Si la cicatriz es baja queda finalmente oculta por el vello púbico y
seguramente bien por debajo de la cinturilla de la ropa interior o de la
parte inferior del bikini.
En lo que respecta a la parte emocional, ¿qué debería esperar?
Muchas mamás experimentan una amplia variedad de emociones después de
una cesárea. Te podrías sentir decepcionada si deseabas ardientemente
tener un parto vaginal. O quizás no te importe cómo diste a luz, en
particular si tuviste complicaciones y estuvieron preocupados por el
bienestar del bebé.
Algunas mujeres que acaban teniendo una cirugía después de un parto
larguísimo e interminable experimentan una sensación de alivio, mientras
que otras se sienten molestas por haber acabado con una cesárea después
de haber hecho semejante esfuerzo. Muchas tienen sentimientos
encontrados.
Algunas mamás dicen que se sienten decepcionadas por no haber tenido un
parto vaginal, en especial si antes de dar a luz tomaron clases de
preparación para el parto y soñaron con el "parto ideal". Otras mamás
dicen que se sienten como si de algún modo fuesen menos mujer por haber
necesitado una cesárea.
Estos sentimientos son muy comunes y puede resultar difícil deshacerse
de ellos. Si te sientes así, quizás te lleve algún tiempo reconciliar la
realidad de tu experiencia de parto con lo que habías imaginado a lo
largo de tu embarazo.
Quizás te ayude saber que para muchas mujeres el nacimiento de sus
bebés, ya sea en forma vaginal o por cesárea, resulta ser muy diferente
de lo que habían esperado. Si no te sientes tranquila y tienes dudas
respecto de que la cirugía haya sido realmente necesaria, háblalo con tu
médico y pídele que evalúe contigo esa decisión.
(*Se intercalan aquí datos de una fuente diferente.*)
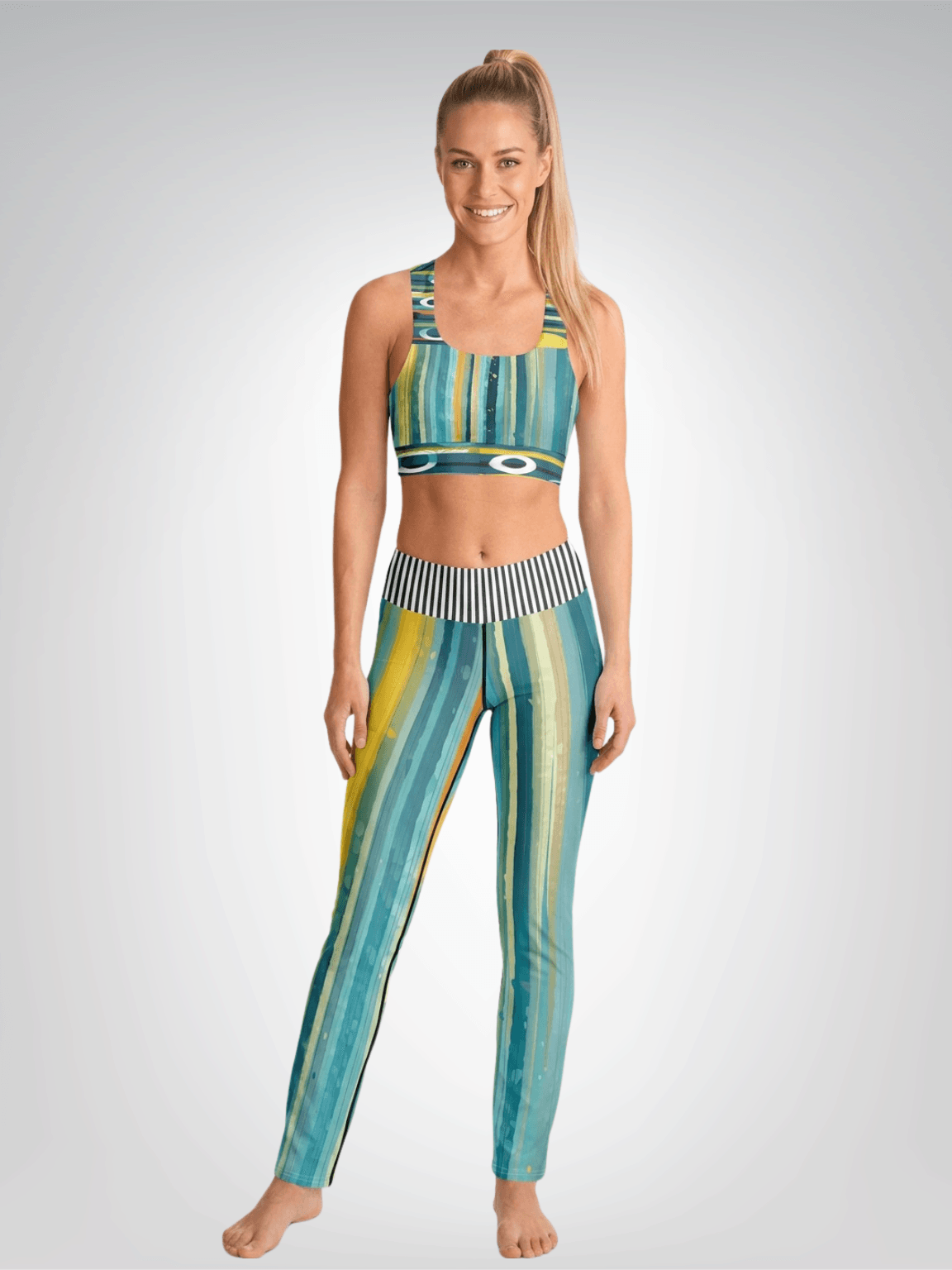 Greek Isles Blue Stripe Flare Leggings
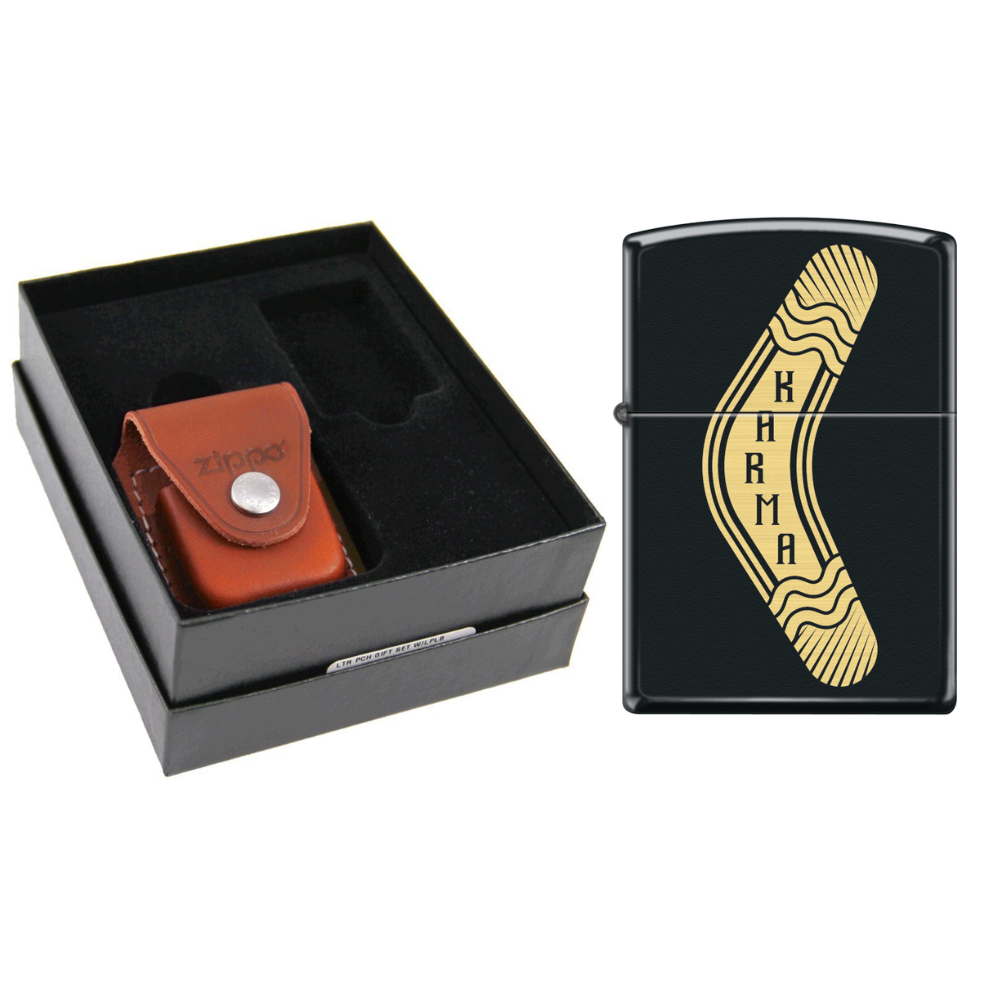 Zippo Karma Boomerang Black Matte & Leather Pouch Gift Box Set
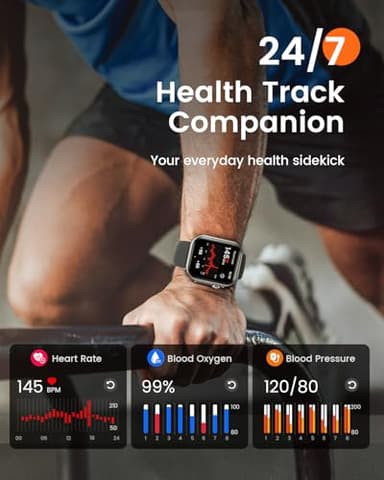 Smart Watches for Men Fitness Tracker: 1.85" Smart watch with 1000 mAh 100 Day+Battery Life Make/Recive Call Heart Rate Blood Pressure SpO2 Sleep Monitor 120+ Sport Mode 5ATM for iPhone Android Phones - Image 3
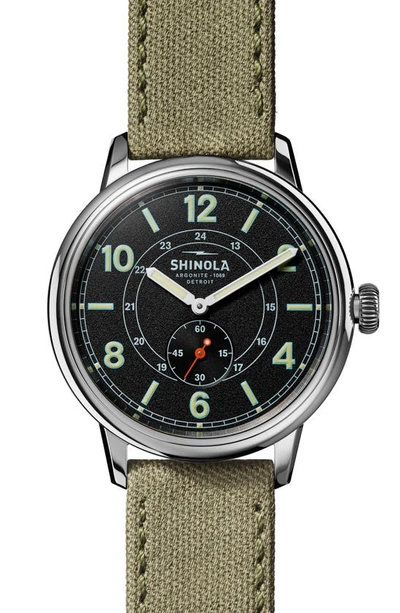 Shop Shinola The Traveler Subsecond Canvas Strap Watch, 42mm In Black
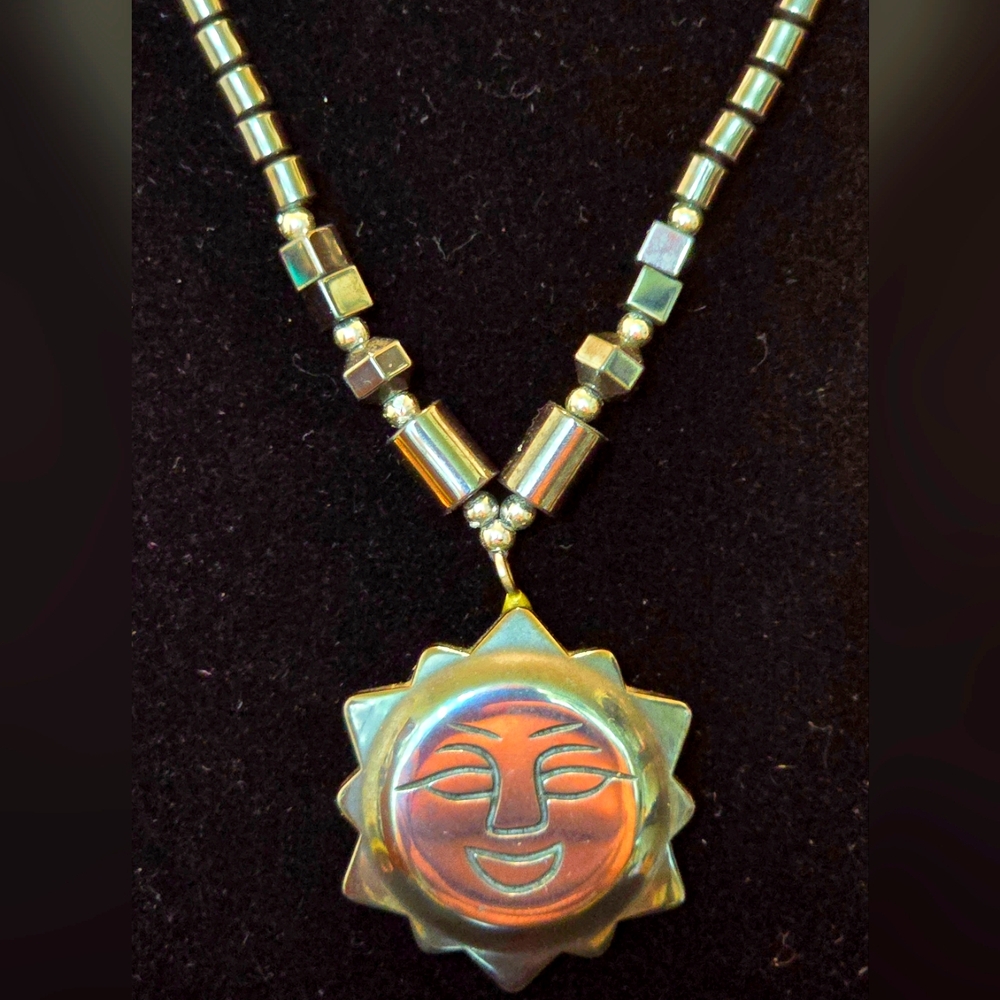 Vintage  ￼statement Sun Beaded Magnetic Hermatite.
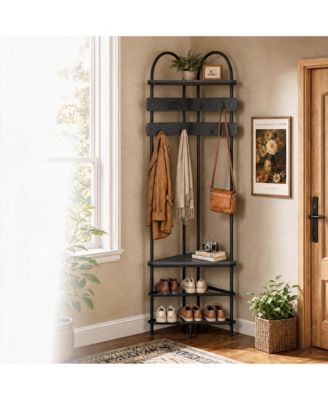 Corner Coat Rack, Freestanding Hall Tree with Hooks and Shelf, Modern Entryway Organizer for Bedroom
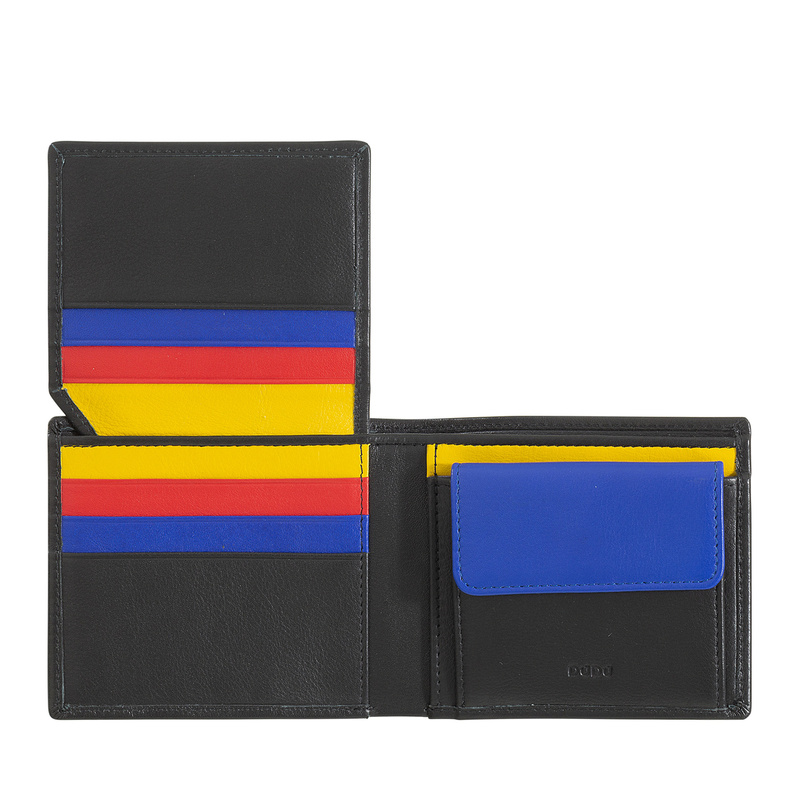 Small man's billfold RFID wallet by DUDU made in multicolour soft genuine calfskin leather with coin purse. Seams in contrast color. Colorful collection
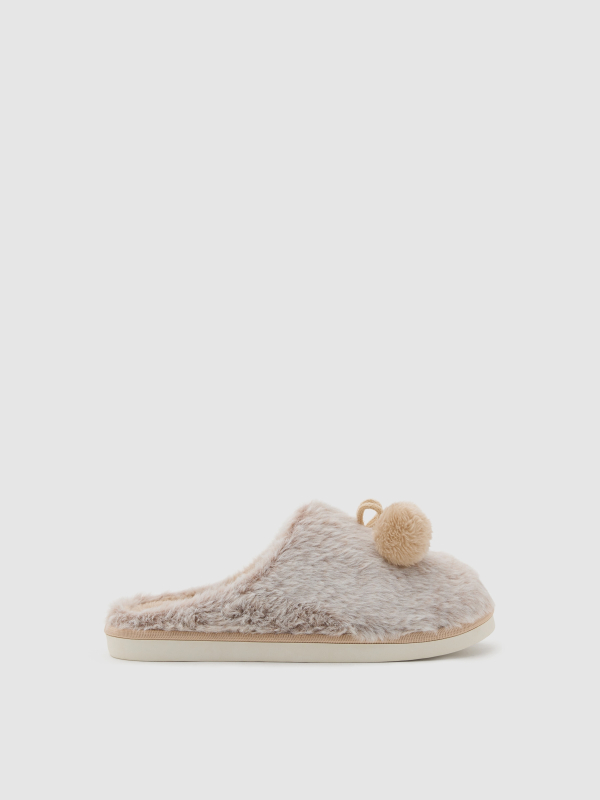 Zapatillas destalonadas con pompones beige vista general frontal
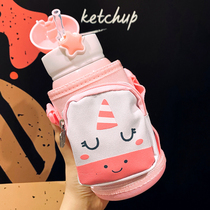 Baby thermos cup with straw dual-use primary school student Japanese water cup female simple straw portable fall-proof cute adorable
Recuerda que probablemente también experimentes aquellas emociones que
son propias de la mayoría de las madres en el periodo de posparto,
independientemente de cómo hayan dado a luz. La tristeza posparto
es frecuente, tanto si te hicieron una cesárea como si diste a luz por
parto vaginal. Esta tristeza generalmente empieza unos días después del
parto y perdura por unos cuantos días.
Pero si continúas sintiéndote así dos o tres semanas después de haber
dado a luz, o si crees que tu sentimiento de tristeza empeora en lugar
de mejorar, debes llamar a tu doctor para que le informes de tus
síntomas. Es probable que sufras de una depresión postparto,
un problema más grave que requiere tratamiento. Tu doctor te puede
referir a un especialista. Si crees que puedes lastimarte a ti misma o a
tu bebé o si te sientes incapaz de cuidar de tu hijo, busca ayuda
profesional de inmediato.
Y por último, es probable que te sientas frustrada si te parece que tu
recuperación está tomando mucho tiempo de lo que esperabas. Recuerda que
la recuperación tras una cirugía puede tomar mucho tiempo y dejarte sin
mucha energía. Aunado a eso están todos los cambios posparto por los
que está pasando tu cuerpo y las nuevas responsabilidades de cuidar de
un recién nacido.
Trata de relajarte y ser paciente. Con el tiempo te sentirás mejor y estarás disfrutando de la vida con tu nueva criaturita.